If you had gotten your snails a couple months ago, you would be on track, but you’ll need a whole lot more of a start to keep up with peas.  If you can feed them all bloodworms, brine shrimp, Daphnia, etc, for a couple months you should have enough of a colony built up of each type of snail to fill the bill.  Ramshorn eggs take 2-4 weeks to hatch (as little as 10 days in warmer temps), snails are ready to reproduce in about 4-6 weeks.  So if you don’t touch your starters your colony should self-sustain in about 2 months.
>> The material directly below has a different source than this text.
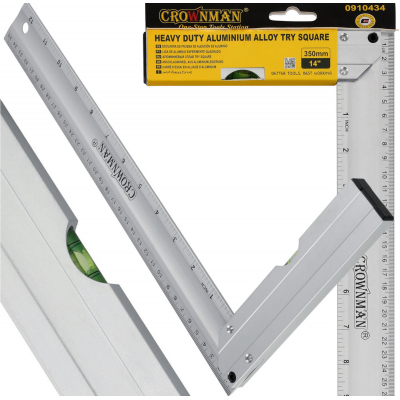 CROWNMAN Hliníkový truhlářský úhelník s vodováhou 350 mm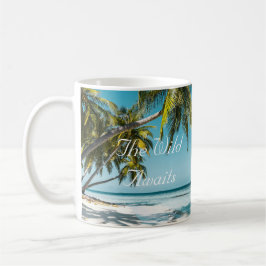 Taza De Café Playa de arena tropical aventura personalizada océ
Your bladder snail eggs hatch in about 1 week and snails are mature in about 4 weeks.  But it takes more bladder snails to feed a pea than it does ramshorns.  So your self-sustaining point is still likely to be around 2 months.  Make sure you always keep several medium to larger breeders, especially of the ramshorns.

Edited by Odd Duck
Clarify
  • Thanks 2
Link to comment
Share on other sites

On 4/20/2023 at 12:27 AM, AllFishNoBrakes said:

@FLFishChik I’ve had my peas for about a year and a half now. I have 6 in a 29 gallon. Sounds like we do something similar as far as feeding. Mine get bloodworms and then live snails a couple times per week. 
 

Based on my personal experience, you’re probably a couple of months out until having the snail population you’ll want/need to feed snails 3 or 4 times per week. These little murder beans can eat a lot! Even if I feed bloodworms, and then drop in 10 snails in a jungle of PSO there’s 10 snail shells on the substrate before the next nights bloodworms. 
 

I would put the snails in different tanks and just feed them well and let them multiply. It’s gonna take some time, but when you have “too many” then pull some out with a little bit of tank water in a Tupperware and feed them out. When I do maintenance I’ll just take snails out of my tanks as they’re on the glass or whatever and then that’s my snails for the week. Definitely takes time to build those snail colonies to do that all the time though. 
 

I’ve found my Peas to be probably my favorite fish I’ve kept and they’ve been easy, for me at least. Holler if I can be of assistance!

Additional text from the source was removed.